Skip to content

REST API

ftm-lakehouse ships a FastAPI app that exposes the storage layer, the journal, the entity / statement read+write paths, and dataset job execution over HTTP. It carries no authentication, authorization, or rate-limiting logic – those are deployment concerns and belong in front of the app, not inside it.

Use reverse proxy in production

File serving

Although the api exposes HEAD / GET endpoints, for production use it is recommended to use a static file server like nginx. One approach for that is currently researched and developed in PutFS.

Authentication

The API is intentionally unprotected at the application layer. Run it behind a reverse proxy (Caddy / nginx / Traefik / a sidecar service) that handles authentication, authorization, and rate-limiting before forwarding to the lakehouse.

PutFS auth model is a good reference for how an operator can wire path-prefix + HTTP-method scoped tokens at the proxy layer.

Request timeouts

The API does not enforce a per-request wall-clock timeout. Configure proxy_read_timeout (nginx), timeouts (Caddy), or the equivalent in your proxy to bound how long a request can occupy a connection.

Request body size

The API does not cap request body size. Configure client_max_body_size (nginx), request_body (Caddy), or the equivalent in your proxy.
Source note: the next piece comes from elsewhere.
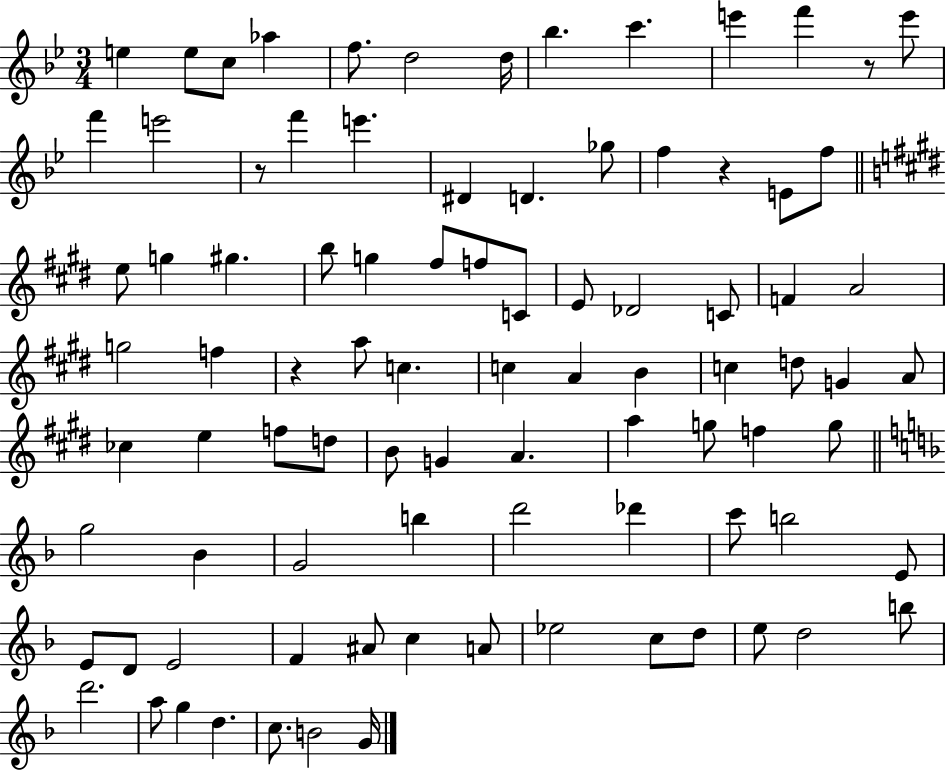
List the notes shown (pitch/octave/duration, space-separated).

E5/q E5/e C5/e Ab5/q F5/e. D5/h D5/s Bb5/q. C6/q. E6/q F6/q R/e E6/e F6/q E6/h R/e F6/q E6/q. D#4/q D4/q. Gb5/e F5/q R/q E4/e F5/e E5/e G5/q G#5/q. B5/e G5/q F#5/e F5/e C4/e E4/e Db4/h C4/e F4/q A4/h G5/h F5/q R/q A5/e C5/q. C5/q A4/q B4/q C5/q D5/e G4/q A4/e CES5/q E5/q F5/e D5/e B4/e G4/q A4/q. A5/q G5/e F5/q G5/e G5/h Bb4/q G4/h B5/q D6/h Db6/q C6/e B5/h E4/e E4/e D4/e E4/h F4/q A#4/e C5/q A4/e Eb5/h C5/e D5/e E5/e D5/h B5/e D6/h. A5/e G5/q D5/q. C5/e. B4/h G4/s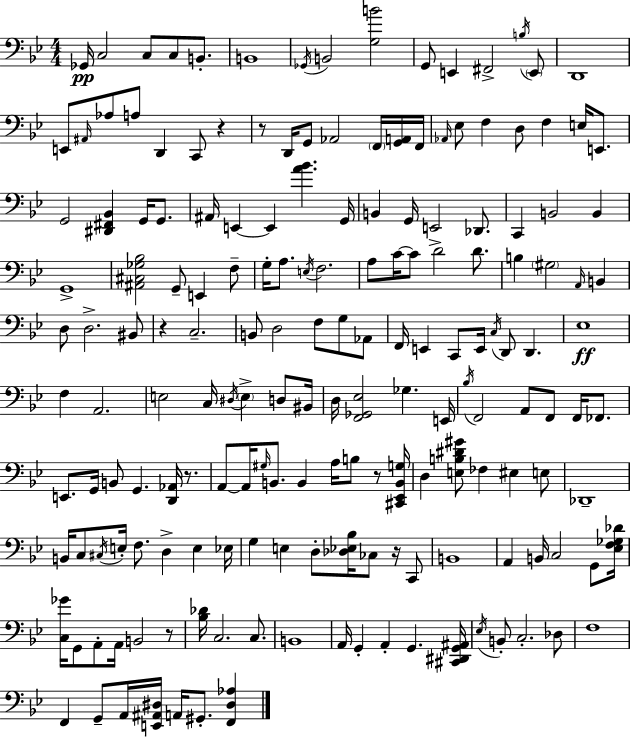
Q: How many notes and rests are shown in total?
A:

Endpoints that semantically constrain content shape (e.g. entities/query capping entity_ids length) still validate after the body is parsed.

Running the API

uvicorn ftm_lakehouse.api:app --reload  # disable --reload for production

The interactive API docs (ReDoc) are served at /.

Routes

All lakehouse-specific routes are scoped to a dataset and namespaced under /{dataset}/_api/.... The raw key-value storage layer (anystore's catch-all GET /{key:path} etc.) is mounted last for blob access but is out of scope for this API surface – see the anystore docs for that contract.

Journal

Method Path Description
POST /{dataset}/_api/journal/bulk Write JSONL rows into the journal
GET /{dataset}/_api/journal/iterate Stream all journal rows as JSONL
POST /{dataset}/_api/journal/flush Stream and delete journal rows as JSONL
GET /{dataset}/_api/journal/count Get journal row count
DELETE /{dataset}/_api/journal/clear Delete all journal rows

Entities

Method Path Description
POST /{dataset}/_api/entities/flush Drain the journal into parquet
POST /{dataset}/_api/entities/merge Collapse duplicates + reap expired tombstones
POST /{dataset}/_api/entities/query Query entities, streamed as NDJSON
POST /{dataset}/_api/entities/statements/query Query raw statements, streamed as NDJSON
GET /{dataset}/_api/entities/stats Dataset statistics
GET /{dataset}/_api/entities/statements/version Current Delta table version
DELETE /{dataset}/_api/entities/{entity_id} Tombstone all statements for an entity

Operations

Method Path Description
POST /{dataset}/_api/operations Run a job operation on a dataset

The request body must be a serialized DatasetJobModel with a name field identifying the operation:

{
    "name": "CrawlJob",
    "source": "s3://bucket/path"
}

Available operations:

Job name Description
CrawlJob Batch file ingestion from a source URI
CompactJob Bin-pack small parquet files
MergeJob Per-partition dedup + tombstone reap
VacuumJob Delete obsolete parquet files
ExportStatementsJob Export to statements.csv
ExportEntitiesJob Export to entities.ftm.json
ExportStatisticsJob Export to statistics.json
ExportDocumentsJob Export to documents.csv
ExportIndexJob Export index.json with resources
MappingJob Process a CSV mapping configuration
DownloadArchiveJob Export archive files to original paths
MakeJob Full workflow: flush + all exports

Pass ?force=true to skip freshness checks.

Configuration

API-only settings use the LAKEHOUSE_API_ prefix:

Variable Description Default
LAKEHOUSE_API_TITLE OpenAPI title FollowTheMoney Data Lakehouse Api
LAKEHOUSE_API_ALLOWED_ORIGINS CORS allow-list ["http://localhost:3000"]
LAKEHOUSE_API_STATIC_HEADERS Extra headers added to every response {}
LAKEHOUSE_API_MAX_ENTITY_IDS Maximum length of an entity_ids list in a query body (caps the SQL IN (…) clause that DuckDB has to build). 10_000
LAKEHOUSE_API_MAX_FILTER_KEYS Maximum number of top-level keys (ftmq filter kwargs plus entity_ids / flush_first) accepted in a single query body. 20

Storage URI, journal URI, shard count, etc. use the regular LAKEHOUSE_ settings – see Configuration.